We've still got an issue with bailiffs. We've still got an issue with enforcement. All of these things are going to require resources. So yes, I'm positive that they're trying to think about this holistically, but ultimately it's going to come down to how much money is in the pot at the end of the day.

Will the bill come into effect around March 2023?

SH: That's their drop dead date to lay the bill again to Parliament. So that's the target, as far as I read into it. That's the latest date that they should be presenting a bill to the Parliament. So in theory, they could do it sooner, but they've given themselves up to March to do that. So the way I would visit it is that there'll be a couple of hard months of round table consultations, dotting the Is, crossing the Ts, getting feedback and seeing the consequences, followed probably by a big announcement in September that the bill is coming and what's in it. Then, by the first spring session of the winter-spring session of 2023, they'll lay the bill and hope that they've ironed out a lot of the problems or the possible amendments, because we have to take into consideration that any Parliamentary bill is subject to amendment.

We've already seen movements from people like Shelter wanting to extend the notice period for landlords to three months, rather than two months. There's talk about rent control and moratoriums and all sorts of stuff there that you're getting from the opposition parties and the tenant representative groups, to say, "Well actually, we are in a crisis, so we need action now." So the government is going to need to balance that. Eddie Hughes said as far as he can see that most of the people in Parliament, most of the parties in Parliament, will be generally happy with all of this. So it shouldn't be controversial, but it will be. Legislation does get bogged down on small things. You will remember the tenancy deposit period during the Tenant Fees Act that went on and on and on. It went for five weeks, six weeks, four weeks, three weeks, every week until it actually settled down. So there will be those situations where Parliament can get bogged down in legislation.

Do you think the bill will be pushed through, regardless of any governmental change?

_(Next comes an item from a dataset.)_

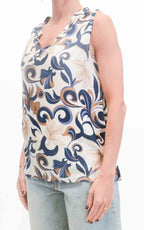 AYFËE - Top coreano stampa geometrica floreale - Burro / blu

SH: I think the likelihood is that it will definitely happen, not least because even if there was a change of leadership of the current government, Michael Gove is leading the levelling up agenda, and this is their key policy. If you thought 82 pages of reading the white paper on renting was a hard slog, reading through the details of the levelling up, which is 174 pages, but actually covers a whole host of other things there, you could see that they've invested a core amount of their political capital into these policies. To be fair, you could only see if the opposition tried to one man upmanship, rather than dilute it.

What is the bill proposing for pets?

SH: We know, following the Tenants Fees Act, that deposits were capped and that fees were banned. The dilemma that came out of that was that, if you were a landlord and your tenant wanted pets, you were offered less protection from damage by that pet due to that legislation. So you were disadvantaged. So why would it be in your interest to either encourage or to offer pet friendly properties? That went down like a lead balloon in the tenant world, because we all know that pets are highly beneficial to your standard of living. The lockdown showed that. So there was a campaign that basically said, "Either undo the Tenant Fees Act, allow the landlord to take an extended pet tenancy, or allow a landlord to protect themselves by getting some form of insurance to protect themselves against pet damage." But essentially the tenant really should contribute to that.

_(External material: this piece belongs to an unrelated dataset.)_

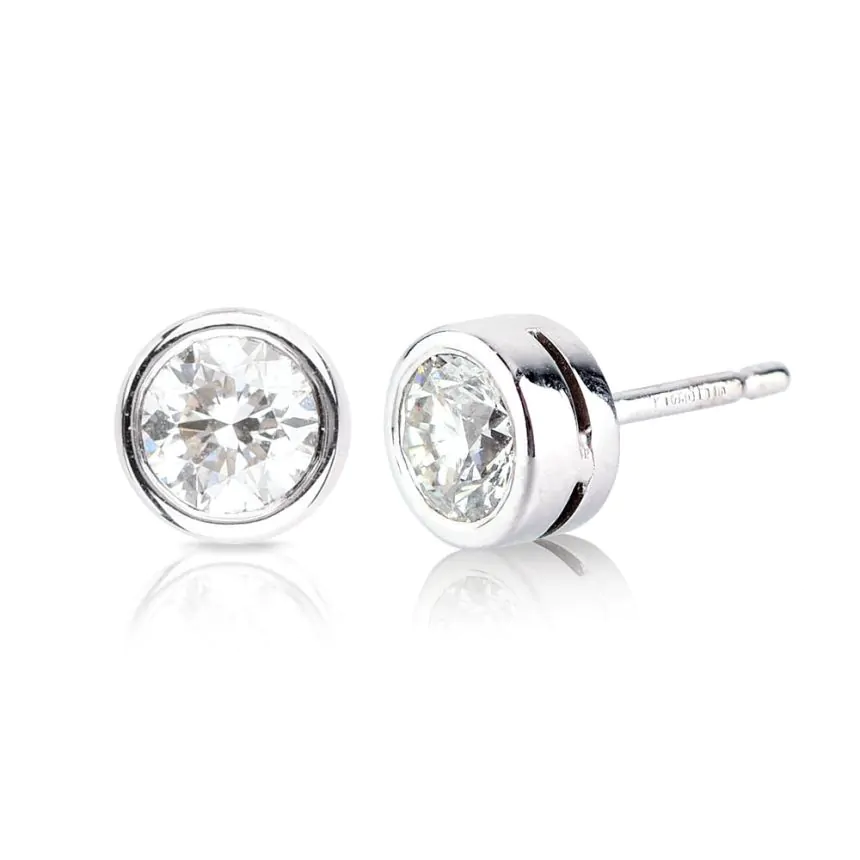18ct White Gold Rub Over Set Diamond Stud Earrings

The government has listened. From their positions of saying, "No, we're not touching the Tenant Fees Act. We're not going to amend that," they now promise to look into delivering this to the extent that they're not going to allow pet deposits, but they will allow some form of back charging for an insurance policy to protect the landlord. Whether that's going to be that the tenant contributes to the landlord's policy, or they get their own policy out there, but it becomes a condition, the devil's going to be in detail, because conflicting legislation is never a good thing. If one part of the law says one thing and one says another, then you're going to get conflict.

OS: Picking through the tone of the fee ban versus the new suggested legislation, I'd be very surprised if there's allocation of costs from the tenant to the landlord. That feels messy and hard to point to where the value is. I think it's more likely that there will be a mandate where a pet is in the property. One, what constitutes a pet. A goldfish versus a lama? Are they the same pet? They'll get into detail there. But I think it's more likely that, if there's a pet in the property, then the landlord is able to mandate the tenant takes appropriate insurance out to protect the property from damage from that pet. I'd be surprised if it was any other way around than that - but, again, the detail of what constitutes a pet, the wording says that you can't unreasonably decline a tenant with a pet in the property. That "unreasonable" phrase I think allows for interpretation. So it'd be interesting to see how that is interpreted.

I don't think any of us disagree with the idea that tenants being afforded the luxury of home pets in their property is a luxury in itself. I think we also completely agree that landlords should have the right provisions and protections in place. So this feels like a sensible outcome in many respects to me, on the basis that the detail is a common sense approach.

If a landlord owns a flat, will the new rules around pets still apply?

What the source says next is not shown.